Out of Our Bodies
by André Dao
This piece was originally published in Going Down Swinging 33. You can buy a copy here.
It’s nearly midnight and we’ve been talking for nearly three hours before I think to ask him about religion. He shrugs before replying,
“Further away if anything. I think Mum’s been drawn to it, but not me.”
I nod and that’s it. For the rest of the night we talk about the funeral arrangements, medication, writing, mourning, living overseas. We don’t talk about the soul, or the afterlife or even really death itself at all – just the little things before and after, like song choices and Facebook notifications. At one point I notice the painting of the Last Supper on the wall opposite me but religion doesn’t come up again.
We’re sitting in the living room of my friend’s family home. His Dad is dying of Creutzfeld-Jakob’s Disease – a neurological disorder which the best doctors in the world know nothing about, except that it is incurable and invariably fatal. Just a few months ago he was in perfect health when he had what the doctors thought was a mild stroke. He was quickly on the mend but then the medication seemed to be having adverse effects – he was losing his balance, forgetting things. He seemed to deteriorate impossibly quickly. He was soon bed-ridden, and had lost most of his mental faculties. A week ago he was diagnosed, and given three weeks to live.
As my friend tries to explain all this to me, his mother comes into the room to discuss the next day’s hospital visitation. Her eyes are red and her whole face is puffy; I feel like an intruder on her grief. I want to say something – but the first formulation that comes to mind is, my prayers are with you. I don’t say it because I haven’t prayed for nearly a decade, so instead I hug her awkwardly and say that it’s nice to see her again, it’s been so long.
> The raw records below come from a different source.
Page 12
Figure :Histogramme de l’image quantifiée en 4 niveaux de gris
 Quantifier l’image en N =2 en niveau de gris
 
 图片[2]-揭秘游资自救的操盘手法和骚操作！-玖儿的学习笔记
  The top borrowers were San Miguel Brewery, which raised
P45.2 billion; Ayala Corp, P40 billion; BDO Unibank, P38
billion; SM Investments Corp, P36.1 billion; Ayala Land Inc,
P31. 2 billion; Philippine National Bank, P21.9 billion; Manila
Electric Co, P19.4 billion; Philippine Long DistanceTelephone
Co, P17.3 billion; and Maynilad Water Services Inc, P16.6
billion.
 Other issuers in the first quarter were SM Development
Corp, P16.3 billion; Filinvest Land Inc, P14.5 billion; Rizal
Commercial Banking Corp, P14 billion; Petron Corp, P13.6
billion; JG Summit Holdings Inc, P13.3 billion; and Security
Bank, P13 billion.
Once she goes to bed we resume our conversation. The difficulty, my friend says, has been getting his head around the concept of randomness. There are no known causes of CJD, and it affects about one in four million people. Obviously, he knows there’s no answer to this “why” question – but I can see a flicker of his Arts degree as his tired, shocked mind grinds through the question anyway. We touch on Freud, and my recently completed thesis, which was on the subject of mourning. But my contention – that mourning is not something to be “worked through” but rather an ethical necessity – seems cold and abstract in this living room from where I can see the stacks of food dropped off by friends and family who didn’t know what else to bring. Eventually, we exhaust our words and I wish that I’d brought something along too – food or flowers or a CD – but I make do with a shake of the hand and a promise to speak soon.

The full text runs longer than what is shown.